It’s certainly not the worst insult you’ve ever had slung your way in your life, but it’s not kind by any means. But it is the sort of comment that will probably have you second-guessing even going to Freckles or Vanessa for at least the next several months. The kind of comment that will have your eyes downcast at floor and pavement without the confidence that you have spent your entire adult life working to cultivate. The kind of comment that makes you feel as useless and unwanted as you always did as a kid. “Got it,” you murmur, head bobbing in a repetitive nod. “Got it. I, um…I’ll get out of your hair…” you decide, setting down your glass and altogether ready to flee his apartment despite having nowhere to go, just so he won’t see how genuinely hurt you are by what Alex said. Or worse, how much you appreciate the fact that Javier stepped in to defend you.
"Don't go." Javi won't make you stay, but he doesn't want you to leave when you're upset. He can hear the hurt in your voice.
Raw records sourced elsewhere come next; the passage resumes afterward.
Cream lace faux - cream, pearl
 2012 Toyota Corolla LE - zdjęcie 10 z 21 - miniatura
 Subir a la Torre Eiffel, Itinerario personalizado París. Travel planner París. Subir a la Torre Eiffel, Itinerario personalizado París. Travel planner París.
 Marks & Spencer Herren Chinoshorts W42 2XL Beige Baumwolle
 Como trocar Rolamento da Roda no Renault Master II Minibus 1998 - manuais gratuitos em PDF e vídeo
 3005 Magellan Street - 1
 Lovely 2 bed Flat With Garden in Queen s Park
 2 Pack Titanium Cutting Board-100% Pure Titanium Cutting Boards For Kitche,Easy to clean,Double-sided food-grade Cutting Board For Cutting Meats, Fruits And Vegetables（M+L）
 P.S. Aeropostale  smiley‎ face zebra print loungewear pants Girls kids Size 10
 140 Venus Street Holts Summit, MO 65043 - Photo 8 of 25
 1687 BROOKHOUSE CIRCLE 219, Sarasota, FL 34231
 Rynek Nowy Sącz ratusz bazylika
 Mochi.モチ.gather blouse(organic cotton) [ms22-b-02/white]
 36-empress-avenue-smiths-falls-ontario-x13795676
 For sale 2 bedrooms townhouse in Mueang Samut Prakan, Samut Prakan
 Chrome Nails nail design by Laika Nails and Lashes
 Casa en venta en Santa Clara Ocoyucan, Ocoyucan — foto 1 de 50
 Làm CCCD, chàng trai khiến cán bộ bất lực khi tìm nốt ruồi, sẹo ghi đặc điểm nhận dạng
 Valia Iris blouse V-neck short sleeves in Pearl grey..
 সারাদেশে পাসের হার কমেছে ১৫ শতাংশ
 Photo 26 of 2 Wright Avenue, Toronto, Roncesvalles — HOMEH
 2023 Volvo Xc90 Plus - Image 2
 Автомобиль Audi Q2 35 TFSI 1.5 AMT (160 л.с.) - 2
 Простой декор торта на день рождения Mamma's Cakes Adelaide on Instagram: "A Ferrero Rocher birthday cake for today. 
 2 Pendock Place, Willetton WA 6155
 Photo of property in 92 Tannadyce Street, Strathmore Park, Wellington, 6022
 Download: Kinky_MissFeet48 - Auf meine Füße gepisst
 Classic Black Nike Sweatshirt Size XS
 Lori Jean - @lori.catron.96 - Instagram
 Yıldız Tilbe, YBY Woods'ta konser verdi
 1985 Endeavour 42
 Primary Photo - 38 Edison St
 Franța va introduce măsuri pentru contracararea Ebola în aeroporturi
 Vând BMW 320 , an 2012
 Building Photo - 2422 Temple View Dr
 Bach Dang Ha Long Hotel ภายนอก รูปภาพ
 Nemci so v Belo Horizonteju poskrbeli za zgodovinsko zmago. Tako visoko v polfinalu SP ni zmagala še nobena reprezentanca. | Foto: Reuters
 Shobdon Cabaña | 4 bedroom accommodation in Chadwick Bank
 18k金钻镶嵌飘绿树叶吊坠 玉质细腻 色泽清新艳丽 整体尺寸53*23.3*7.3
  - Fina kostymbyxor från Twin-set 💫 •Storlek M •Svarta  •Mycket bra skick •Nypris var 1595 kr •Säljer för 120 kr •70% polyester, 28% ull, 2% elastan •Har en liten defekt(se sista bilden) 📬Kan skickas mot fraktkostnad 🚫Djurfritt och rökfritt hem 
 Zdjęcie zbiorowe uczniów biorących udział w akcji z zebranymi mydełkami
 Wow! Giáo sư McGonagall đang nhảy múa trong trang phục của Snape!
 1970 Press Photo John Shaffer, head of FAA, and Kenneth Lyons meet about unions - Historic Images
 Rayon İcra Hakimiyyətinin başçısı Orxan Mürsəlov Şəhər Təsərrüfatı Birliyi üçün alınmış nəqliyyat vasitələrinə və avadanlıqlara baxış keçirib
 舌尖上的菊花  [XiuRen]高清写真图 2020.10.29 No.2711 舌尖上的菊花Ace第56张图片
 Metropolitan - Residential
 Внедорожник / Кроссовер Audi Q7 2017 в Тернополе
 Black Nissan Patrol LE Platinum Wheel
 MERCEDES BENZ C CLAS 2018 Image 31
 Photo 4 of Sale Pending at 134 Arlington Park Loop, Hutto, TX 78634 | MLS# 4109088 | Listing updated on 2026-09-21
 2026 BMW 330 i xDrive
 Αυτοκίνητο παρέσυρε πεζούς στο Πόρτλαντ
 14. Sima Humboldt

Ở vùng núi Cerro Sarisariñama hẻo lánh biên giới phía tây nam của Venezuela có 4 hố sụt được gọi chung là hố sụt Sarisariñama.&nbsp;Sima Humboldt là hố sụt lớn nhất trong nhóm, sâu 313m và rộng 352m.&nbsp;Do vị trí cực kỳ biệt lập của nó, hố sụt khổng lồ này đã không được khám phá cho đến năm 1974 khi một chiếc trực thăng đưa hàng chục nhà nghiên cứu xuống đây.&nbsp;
His eyes sliding over to where you are halfway out of your seat. "You don't have to." He has a feeling that being alone would be the worst thing for you.
“You can’t possibly want me around when I’m like this.” The tears have welled up in your eyes and are threatening to spill over, and Chi-Chi has sensed the change in your mood, sitting up in front of you and whining softly in concern. “Or at all, for all the grief I’ve given you.”
"Don't go." He murmurs again softly.
“I’m sorry.” That’s when the first tears fall. With two small words that mean so many different things.
"Don't be sorry." He shakes his head, frowning and wishing that he had another drink but he doesn't move. "It's not your fault he's a fucking prick."
“I’m sorry for so much more than that.” You wipe at your cheeks, calling yourself back to order as quickly as you can and also scratching between sweet Chi-Chi’s ears to soothe her so she doesn’t get too worked up. “I’ve given you nothing but grief and you didn’t deserve it.”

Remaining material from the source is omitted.